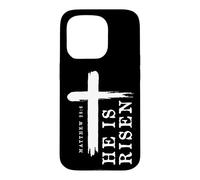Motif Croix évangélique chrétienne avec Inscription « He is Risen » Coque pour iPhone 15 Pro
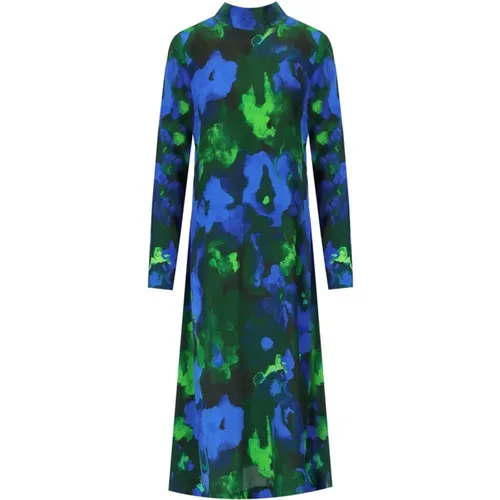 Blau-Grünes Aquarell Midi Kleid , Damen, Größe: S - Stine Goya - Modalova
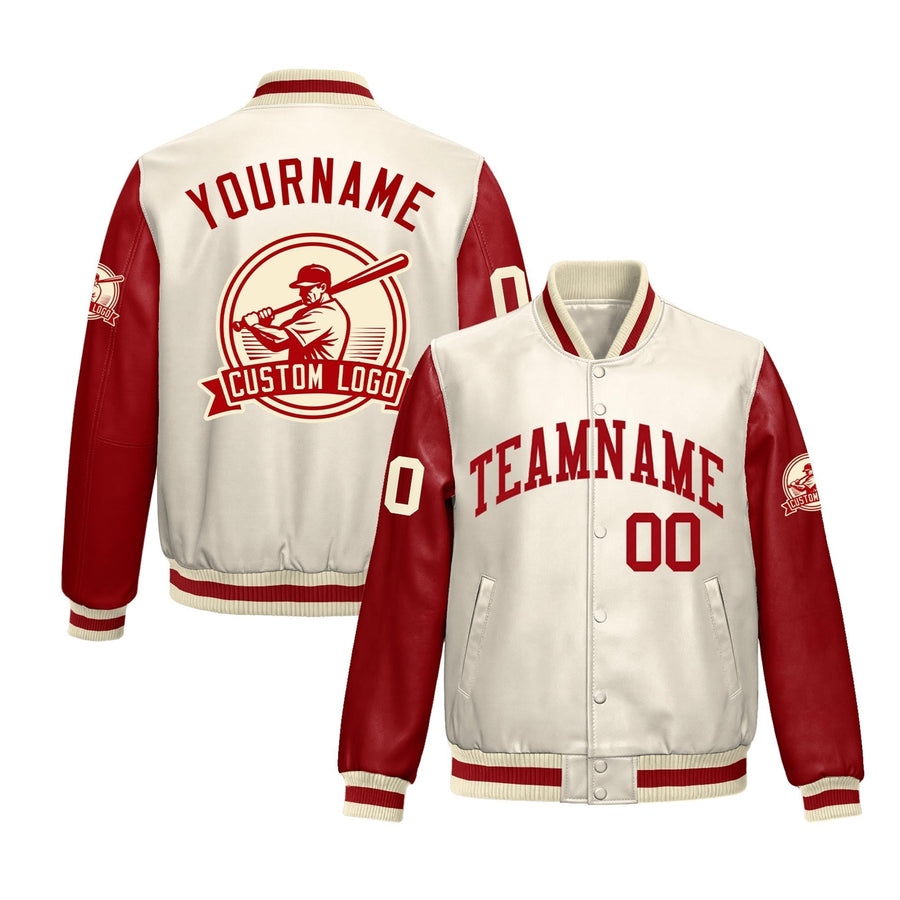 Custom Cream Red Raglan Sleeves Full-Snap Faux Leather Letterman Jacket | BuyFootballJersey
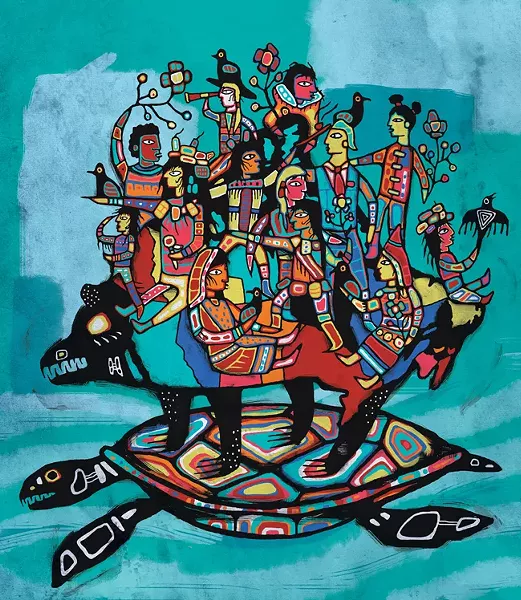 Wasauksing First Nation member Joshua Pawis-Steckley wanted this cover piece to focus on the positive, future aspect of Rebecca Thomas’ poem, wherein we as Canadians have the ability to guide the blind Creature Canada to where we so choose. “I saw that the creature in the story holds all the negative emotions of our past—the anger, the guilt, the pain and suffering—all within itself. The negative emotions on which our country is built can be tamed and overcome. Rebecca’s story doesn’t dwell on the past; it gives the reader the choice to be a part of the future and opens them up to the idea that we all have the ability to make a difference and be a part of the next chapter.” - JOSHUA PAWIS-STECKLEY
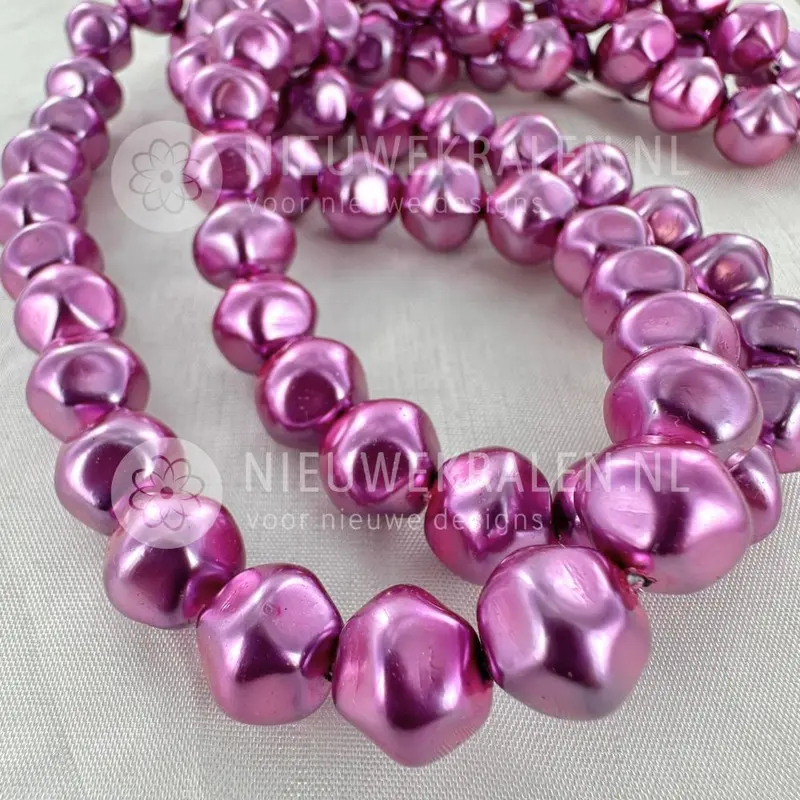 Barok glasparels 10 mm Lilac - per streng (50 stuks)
+ + + +
* [Work required]
The pictures stay out; repeat exactly the lines from the one with "Custom Cream Red" to the end of the entries above, and nothing else.

* [Task solution]
 Custom Cream Red Raglan Sleeves Full-Snap Faux Leather Letterman Jacket | BuyFootballJersey
 Wasauksing First Nation member Joshua Pawis-Steckley wanted this cover piece to focus on the positive, future aspect of Rebecca Thomas’ poem, wherein we as Canadians have the ability to guide the blind Creature Canada to where we so choose. “I saw that the creature in the story holds all the negative emotions of our past—the anger, the guilt, the pain and suffering—all within itself. The negative emotions on which our country is built can be tamed and overcome. Rebecca’s story doesn’t dwell on the past; it gives the reader the choice to be a part of the future and opens them up to the idea that we all have the ability to make a difference and be a part of the next chapter.” - JOSHUA PAWIS-STECKLEY
 Barok glasparels 10 mm Lilac - per streng (50 stuks)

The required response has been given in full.